=== How to complete this task ===
Each line that has the string "Gold" must be copied from the records below.

(Collected data entries)
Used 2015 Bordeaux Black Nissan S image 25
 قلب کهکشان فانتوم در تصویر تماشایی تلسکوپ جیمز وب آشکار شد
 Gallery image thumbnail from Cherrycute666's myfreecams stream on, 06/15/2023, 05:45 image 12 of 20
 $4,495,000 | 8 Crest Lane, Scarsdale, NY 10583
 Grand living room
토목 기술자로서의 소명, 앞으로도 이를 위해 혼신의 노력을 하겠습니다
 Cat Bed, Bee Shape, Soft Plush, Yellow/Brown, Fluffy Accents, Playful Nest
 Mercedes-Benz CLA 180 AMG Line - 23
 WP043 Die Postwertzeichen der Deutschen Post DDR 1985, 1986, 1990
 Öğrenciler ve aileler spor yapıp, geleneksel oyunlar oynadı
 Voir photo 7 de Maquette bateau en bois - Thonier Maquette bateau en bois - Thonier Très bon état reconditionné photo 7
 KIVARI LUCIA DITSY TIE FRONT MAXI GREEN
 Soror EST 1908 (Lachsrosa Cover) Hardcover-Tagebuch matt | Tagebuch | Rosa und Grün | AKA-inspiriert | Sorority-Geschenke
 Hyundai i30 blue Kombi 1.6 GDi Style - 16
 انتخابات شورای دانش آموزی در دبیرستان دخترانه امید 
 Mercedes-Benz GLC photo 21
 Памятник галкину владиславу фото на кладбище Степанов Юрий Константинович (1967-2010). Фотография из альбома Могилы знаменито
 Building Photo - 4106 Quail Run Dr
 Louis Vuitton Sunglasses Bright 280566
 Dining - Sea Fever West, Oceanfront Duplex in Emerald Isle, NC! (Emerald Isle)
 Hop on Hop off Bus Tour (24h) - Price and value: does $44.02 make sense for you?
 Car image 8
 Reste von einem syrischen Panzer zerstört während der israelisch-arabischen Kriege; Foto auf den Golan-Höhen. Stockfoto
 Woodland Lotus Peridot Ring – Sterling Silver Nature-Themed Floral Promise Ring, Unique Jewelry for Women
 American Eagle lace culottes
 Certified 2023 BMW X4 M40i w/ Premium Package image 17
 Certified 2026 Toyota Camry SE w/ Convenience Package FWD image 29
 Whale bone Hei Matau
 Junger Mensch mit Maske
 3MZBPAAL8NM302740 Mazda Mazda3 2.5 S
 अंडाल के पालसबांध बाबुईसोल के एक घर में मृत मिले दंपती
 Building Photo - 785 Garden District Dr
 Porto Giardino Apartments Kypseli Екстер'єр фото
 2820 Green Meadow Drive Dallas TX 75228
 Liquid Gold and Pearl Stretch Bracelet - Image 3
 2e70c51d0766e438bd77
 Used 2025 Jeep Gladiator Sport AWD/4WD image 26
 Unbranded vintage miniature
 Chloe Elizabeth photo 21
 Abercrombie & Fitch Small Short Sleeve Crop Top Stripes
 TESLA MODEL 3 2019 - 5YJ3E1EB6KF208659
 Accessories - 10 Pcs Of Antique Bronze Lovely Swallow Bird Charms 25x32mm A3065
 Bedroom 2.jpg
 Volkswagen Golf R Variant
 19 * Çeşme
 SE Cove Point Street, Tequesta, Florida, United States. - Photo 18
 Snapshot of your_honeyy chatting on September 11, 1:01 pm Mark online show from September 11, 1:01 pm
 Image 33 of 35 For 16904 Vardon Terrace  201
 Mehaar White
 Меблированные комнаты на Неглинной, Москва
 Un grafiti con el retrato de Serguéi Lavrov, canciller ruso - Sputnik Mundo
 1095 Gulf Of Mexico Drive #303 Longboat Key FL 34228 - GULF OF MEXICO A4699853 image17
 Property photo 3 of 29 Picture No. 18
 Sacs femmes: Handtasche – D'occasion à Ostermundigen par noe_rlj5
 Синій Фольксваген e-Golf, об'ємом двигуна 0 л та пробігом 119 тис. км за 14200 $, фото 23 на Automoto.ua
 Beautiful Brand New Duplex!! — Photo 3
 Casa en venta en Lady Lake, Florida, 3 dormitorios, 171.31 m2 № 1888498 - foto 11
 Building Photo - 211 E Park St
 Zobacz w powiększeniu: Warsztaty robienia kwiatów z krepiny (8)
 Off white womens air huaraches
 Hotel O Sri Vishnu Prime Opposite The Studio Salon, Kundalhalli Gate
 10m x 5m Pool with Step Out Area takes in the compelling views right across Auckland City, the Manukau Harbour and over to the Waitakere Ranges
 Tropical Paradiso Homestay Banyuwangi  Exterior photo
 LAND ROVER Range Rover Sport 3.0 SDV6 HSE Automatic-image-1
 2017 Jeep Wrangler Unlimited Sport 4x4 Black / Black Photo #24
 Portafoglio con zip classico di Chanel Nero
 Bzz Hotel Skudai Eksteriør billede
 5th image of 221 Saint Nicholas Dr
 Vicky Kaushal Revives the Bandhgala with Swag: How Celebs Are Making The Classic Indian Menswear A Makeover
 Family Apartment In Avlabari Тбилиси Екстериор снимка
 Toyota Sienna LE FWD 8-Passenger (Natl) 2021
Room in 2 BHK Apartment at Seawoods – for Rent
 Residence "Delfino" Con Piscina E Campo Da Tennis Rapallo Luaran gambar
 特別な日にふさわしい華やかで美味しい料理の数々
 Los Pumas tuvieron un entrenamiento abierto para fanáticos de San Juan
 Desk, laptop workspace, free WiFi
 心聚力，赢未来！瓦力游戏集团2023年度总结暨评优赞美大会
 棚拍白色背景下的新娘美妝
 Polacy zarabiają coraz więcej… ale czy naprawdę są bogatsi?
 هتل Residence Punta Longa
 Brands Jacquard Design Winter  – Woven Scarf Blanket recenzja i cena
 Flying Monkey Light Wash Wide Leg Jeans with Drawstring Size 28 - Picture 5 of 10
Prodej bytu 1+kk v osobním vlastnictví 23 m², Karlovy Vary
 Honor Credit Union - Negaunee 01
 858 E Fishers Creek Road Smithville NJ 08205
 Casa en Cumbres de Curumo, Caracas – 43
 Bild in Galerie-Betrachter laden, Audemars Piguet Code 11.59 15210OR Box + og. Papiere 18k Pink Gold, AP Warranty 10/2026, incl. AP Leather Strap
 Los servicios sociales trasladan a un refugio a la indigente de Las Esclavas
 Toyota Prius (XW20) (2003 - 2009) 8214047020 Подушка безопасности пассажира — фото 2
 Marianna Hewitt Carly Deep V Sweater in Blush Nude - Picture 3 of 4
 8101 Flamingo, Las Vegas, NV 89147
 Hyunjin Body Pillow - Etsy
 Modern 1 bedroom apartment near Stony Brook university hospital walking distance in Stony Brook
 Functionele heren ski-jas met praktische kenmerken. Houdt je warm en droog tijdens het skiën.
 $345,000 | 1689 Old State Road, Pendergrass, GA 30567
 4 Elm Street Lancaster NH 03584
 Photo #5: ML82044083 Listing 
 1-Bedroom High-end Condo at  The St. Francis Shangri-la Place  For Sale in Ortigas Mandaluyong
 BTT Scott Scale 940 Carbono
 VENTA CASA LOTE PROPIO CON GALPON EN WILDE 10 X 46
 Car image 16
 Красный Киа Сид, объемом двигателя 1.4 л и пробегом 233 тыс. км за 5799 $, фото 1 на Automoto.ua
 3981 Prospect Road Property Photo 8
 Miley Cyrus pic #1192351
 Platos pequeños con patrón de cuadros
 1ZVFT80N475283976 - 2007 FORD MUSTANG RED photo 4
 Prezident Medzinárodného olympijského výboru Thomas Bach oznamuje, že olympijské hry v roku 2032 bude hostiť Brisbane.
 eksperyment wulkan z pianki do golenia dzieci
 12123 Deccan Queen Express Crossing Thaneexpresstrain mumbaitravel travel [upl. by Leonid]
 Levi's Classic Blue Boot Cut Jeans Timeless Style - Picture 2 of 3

=== Solved problem ===
 Liquid Gold and Pearl Stretch Bracelet - Image 3
 Bild in Galerie-Betrachter laden, Audemars Piguet Code 11.59 15210OR Box + og. Papiere 18k Pink Gold, AP Warranty 10/2026, incl. AP Leather Strap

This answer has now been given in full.